What were you doing during the blizzard of 2009? Many people will have stories to tell in the years to come. I have a story of the blizzard of 1996 that brought us 30.7 inches of snow. I was stranded in a hotel in Philadelphia where I had gone for a chiropractic seminar. The highways and the airport were closed and no one could leave the city. The hotel had no restaurant so my fellow classmates and I had to venture out on foot and try to find some place that would sell us something to eat. We found a convenience store with a line of people wrapped around the building. But we bought food and then stuffed the containers in the snow below our window at the hotel so nothing would spoil and we could later heat our meals in the one microwave in the lobby.
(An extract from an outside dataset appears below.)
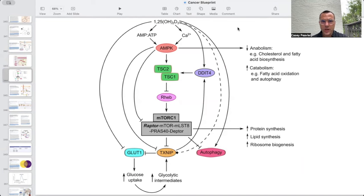Another important slide shows how vitamin D directly affects AMP kinase and how that has positive effects on growth pathways such as mTOR. It decreases the activity of transporters and glycolytic intermediates. It also removes the brake on autophagy, helps decrease synthesis of cholesterol and fatty acids, promotes fatty acid breakdown, and puts the brakes on protein, lipid, and ribosomal biosynthesis — shutting down the replication and proliferation machinery necessary for uncontrolled cancer growth.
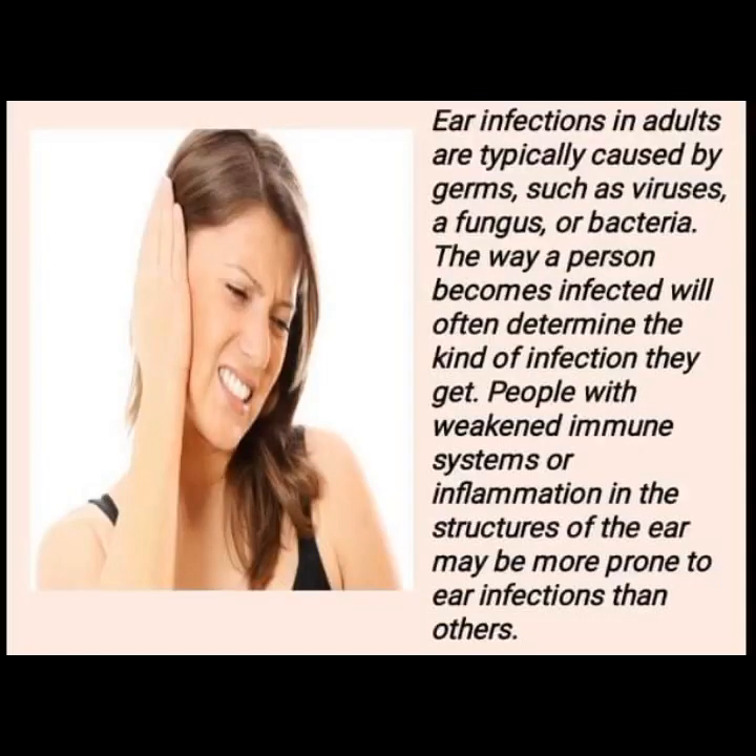Ear infections in adults are typically caused by germs such as viruses, a fungus, or bacteria. The way a person becomes infected will often determine the kind of infection they get. People with weakened immune systems or inflammation in the structures of the ear may be more prone to ear infections than others.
This blizzard was mild by comparison, but I hope we will all remember it with a smile and with gratitude for a special weekend. The four of us were home together, gladly stranded and unable to go anywhere. Fortunately, we had no obligations like many others did, so we watched the storm arrive with an increasingly dense, dark gray sky as the light snow began and then quickly turned to a furious, relentless storm.
The girls couldn't wait to go outside and were delighted when the lawn was quickly blanketed in white. Fred and I did a quick shoveling after a few inches of snow accumulated, then retreated indoors for snacks, hot drinks, and movies by the fire. Is there anything better? At dusk we decided to shovel again even though the storm was still blasting through the area. I pushed all the snow from our wooden deck and then started on the driveway. Fred said to leave it be, that he would get out the snow blower in the morning. But I didn't want to quit. I felt like I could shovel forever. The falling snow was beautiful, magical somehow. The outdoor Christmas lights switched on and cast a colorful glow on our yard. I walked up the road in front of the house for a picture and then called the girls to come and see. Liana spent most of her time digging a big hole in the mound we had shoveled and then sat in it for quite awhile, transfixed by her own imaginary world. Arielle piled high a huge mountain of snow to make a fort. No one wanted to come inside.
Sometime in the middle of the night the Nor'easter left us to head further north. More shoveling awaited us. In the bright, cold sunshine we cleared at least another six inches. This time, our work was more drudgery than fantasy. The girls bickered and threw snowballs at each other. Fred and I just wanted to get done. The magic was gone. But I will always remember the snowfalll that evening when we were caught up in a winter wonderland.